Chapter 14/15: Nous n’avons fait qu’obéir aux ordres

“Bugün biliyorum ki itaate adanmış böylesi bir hayat, çok rahat bir hayattır. Her türlü entelektüel ve yaratıcı faaliyeti asgariye indirir.”

“Emre itaat benim için her şeyden önemliydi. Bu belki de Alman insanının hamurunda olan bir şey.”

Otto Adolf Eichmann, Küdüs — 1962

Savaş Mahkemesi

İkinci Dünya Savaşı sona erince Alman şehri Nürnberg'de ağır ceza yargılamaları yapıldı. Nasyonal Sosyalist Partinin 30'lu yıllarda en parlak başarılarını kazandığı bu şehir bilinçli olarak seçilmişti. Ayrıca meşhur ırkçı kanunlar 1935'te Nürnberg'de çıkarılmıştı. İkinci Dünya Savaşı'nda Nazi rejimine önderlik etmiş 22 ismin yargılanması, en fazla yankı uyandıran dava oldu. Duruşmalar 20 Kasım 1945'ten hükümlerin açıklandığı 1 Ekim 1946'ya kadar devam etti. Nürnberg Mahkemesi günümüzde milletlerarası ceza hukukunun doğum yeri olarak görülmekte.

Eichmann 1961'de Kudüs'te hakim karşısına çıktı. Sadece kendisine verilen emirleri yerine getirdiği iddiası, savunmasının temelini oluşturdu. Emirleri sorgulamadan yerine getirdiğini söylüyordu. Bundan ilham alan filozof Hanna Arendt, meşhur kötülüğün sıradanlığı konseptini geliştirecekti.
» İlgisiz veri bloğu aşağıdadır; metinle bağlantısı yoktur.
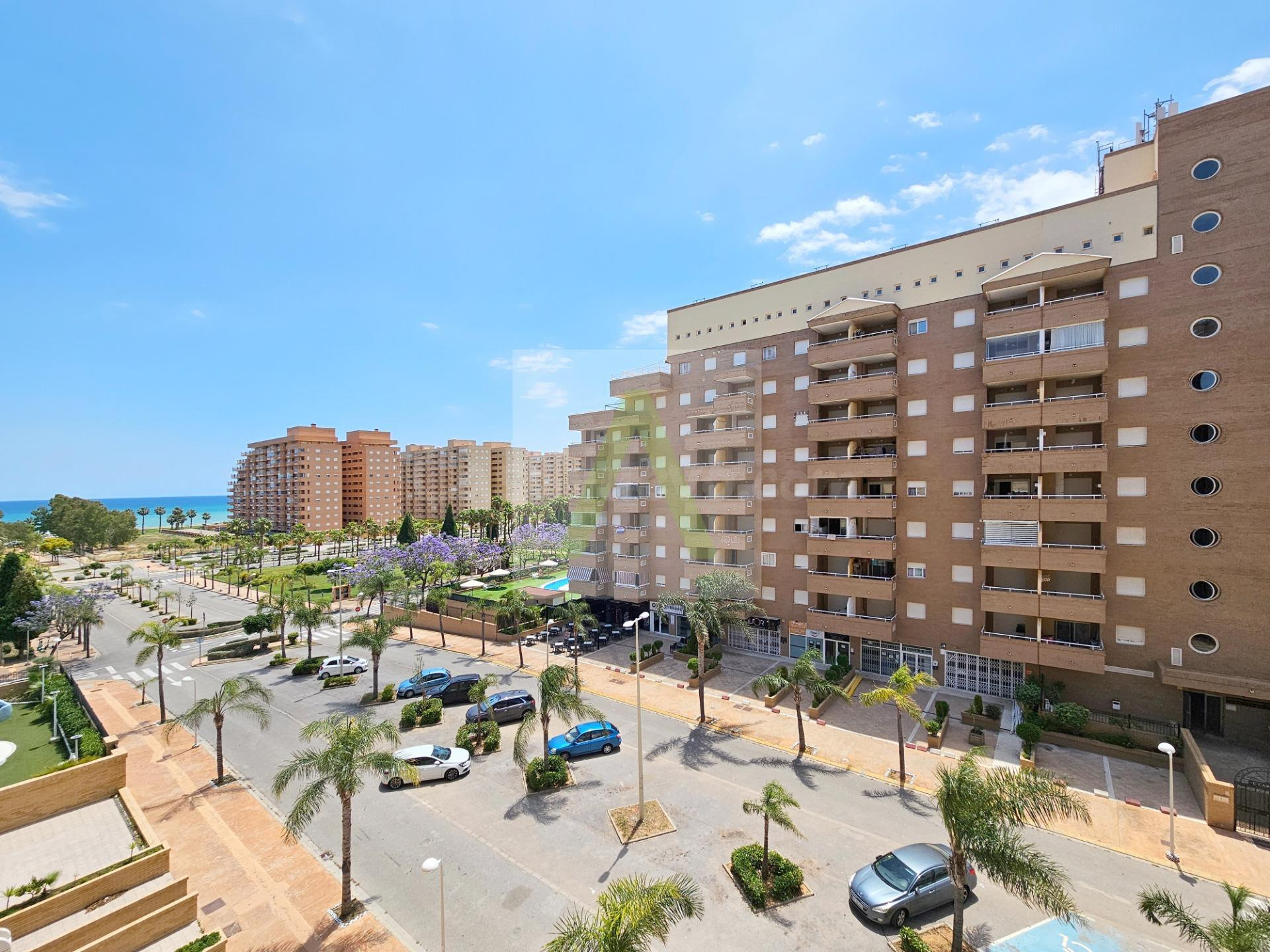 Coqueto apartamento a pocos metros de la playa - foto 3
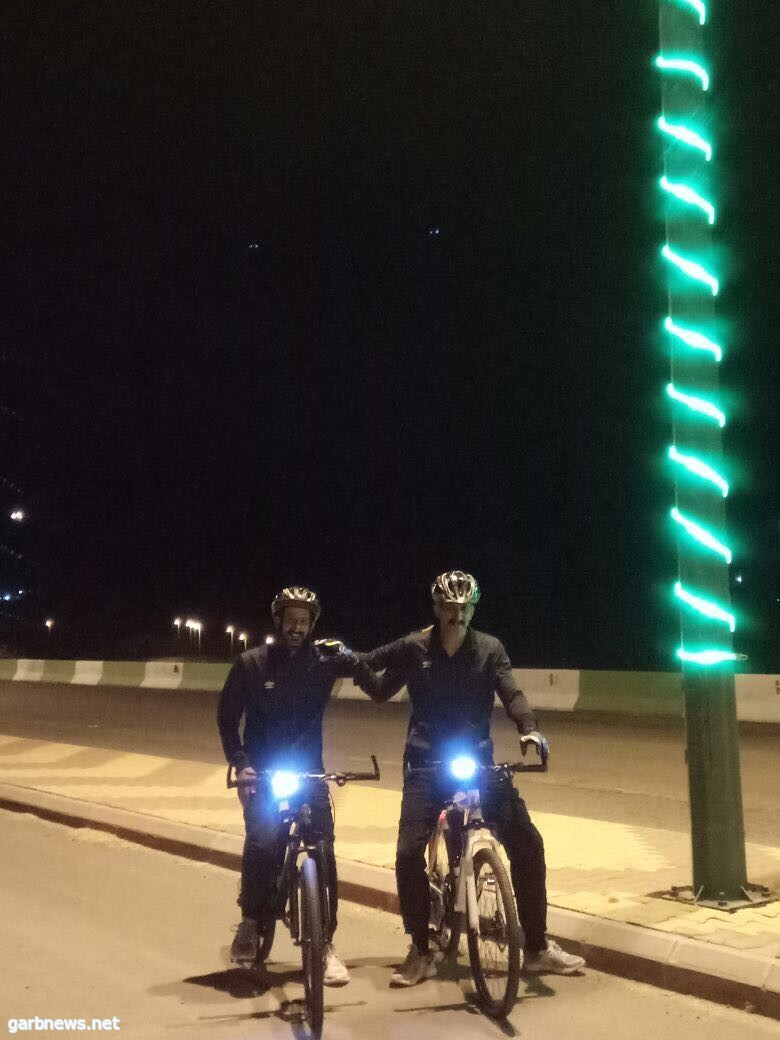 شقيقان يقطعا ١٠٠٠ كيلو على دراجة هوائية دعماً للجنود البواسل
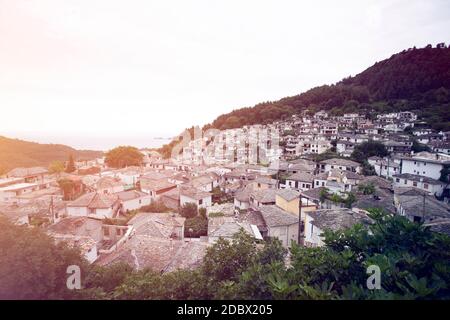 Vue aérienne du beau petit village de Panagia à Thassos, Grèce. Banque D'Images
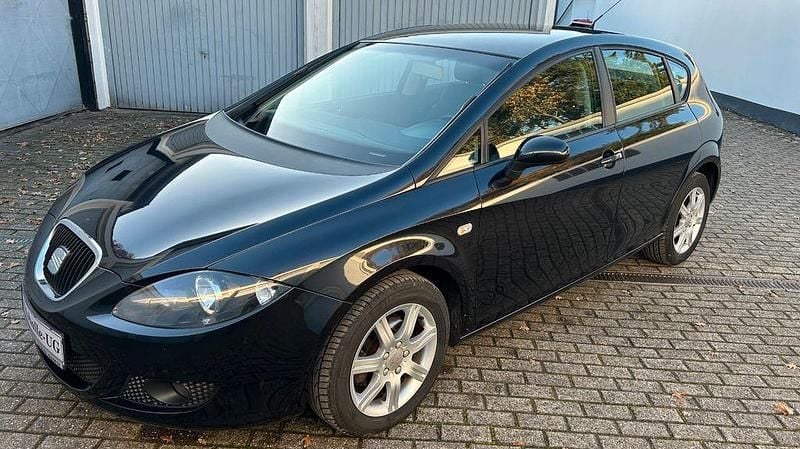 Schwarz Gebraucht 2006 Seat Leon Stylance Limousine | 2.740 € (Teuer) - Bild 1/4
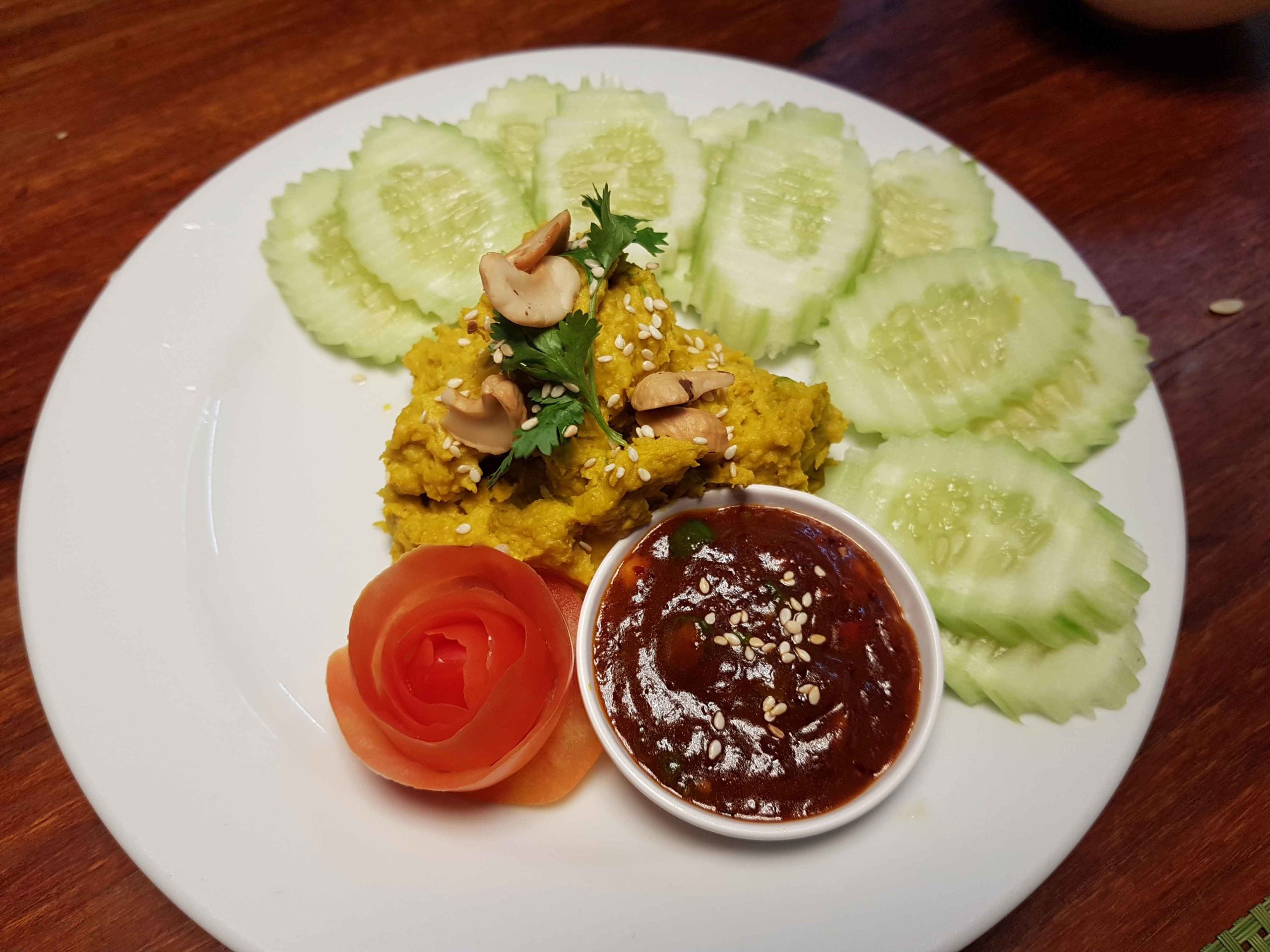 Pumkin Humus mit Chili Dip, Gurkenscheiben und Karottendeko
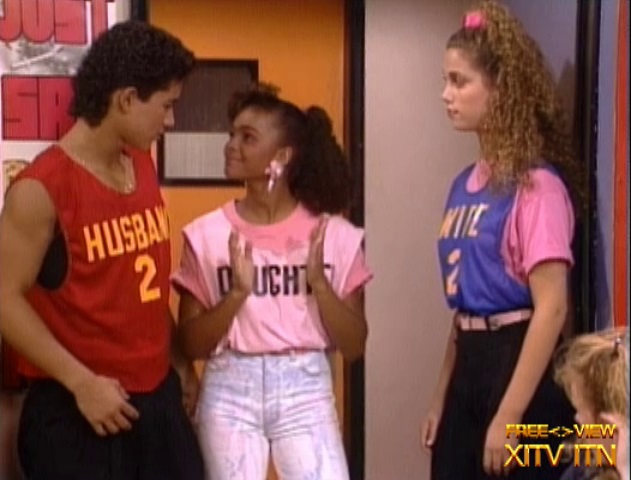  XITV FREE <> VIEW� Saved By The Bell! Starring Elizabeth Berkley, Tiffani Amber Thiessen, and Lark Voorhies! XITV Is Must See TV!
Buna göre kötülük bir canavarın içinde değil; önemsiz, silik bir görevlinin içinde ete kemiğe bürüyordu. Canavarlaşan insanın "senin benim gibi normal biri" olduğu fikrine tahammül edemeyen pek çokları Arendt'e itiraz edecekti.

Sanık sandalyesindeki Nazi savaş suçluları, Nürnberg, Almanya, 1945

İnsanlığa Karşı İşlenen Suçlar

"İnsanlığa karşı işlenen suçlar" kavramı İkinci Dünya Savaşı'ndan bu yana milletlerarası siyasette çok önemli bir rol oynadı. Askeri müdahalelere ve barış güçlerine gerekçe teşkil etti, belli devlet başkanlarına karşı açılan davalarda argüman olarak kullanıldı, Uluslararası Mahkeme gibi yeni kurumlar kurulmasını sağladı ve çok sayıda STÖ'nün varlık sebebi oldu. Bu kavram çoğu zaman insan hakları kavramıyla ilişkilendirilmekte. Halbuki iki kavramın da kendine has birer tarihçesi var. İnsan hakları söyleminin köklerini bulmak için Aydınlanma Çağı ile Amerikan ve Fransız İhtilallerine kadar gerilere gitmek gerekiyor. "İnsanlığa karşı işlenen suçlar" kavramının tarihiyse çok daha yeni. Nazilerin suçlarını tanımlamak ve bunları hukuki bir çerçeveye oturtmak için terim bu şekliyle ilk defa Nürnberg Milletlerarası Askeri Mahkemesinde (1945-49) kullanıldı.

"İnsanlığa karşı işlenen suçlar" kavramı son 20-30 yılda dünya siyasetini ve o alanda yapılan nefis muhasebelerini o kadar etkiledi ki hukuki boyutun bile ötesine taştı. Latin Amerika ve Güney Afrika'da hakikati araştırma ve uzlaşma kurulları gibi yeni kurumların ortaya çıkması, bu kavramın hukuk çerçevesini nasıl aştığının göstergesi. 70'lerin başından beri çeşitli devletler, demokratik bir hukuk sistemine geçmeyi denedi. Yıkımlar yaşamış bu toplumların sormak zorunda kaldığı en hayati sorulardan biri, yıllarca devam etmiş şiddetli çatışmaların ardından farklı grupların barış içinde bir arada yaşamasının nasıl sağlanacağı. Çeşitli örnekler, yaptırım uygulamaya alternatif teşkil eden üçüncü bir yolun mevcut olduğunu gösteriyor. Gerçi o zaman da, mağdurlar açısından adaletin yerini bulmuş olup olmayacağı sorusu zihinlerde beliriyor. Bu evrimlerin diğer bir neticesi, "küresel çaptaki bir tiyatroda tövbe ve af dileme sahneleri" (Jacques Derrida): Bu ritüel uyarınca dünya liderleri ile siyasi ve dini topluluklar tarih boyunca "insanlığa karşı işlenmiş suçlardan dolayı" tövbe etmeli. Dolayısıyla insanlık kendini hem suçlayıp hem affetmeli.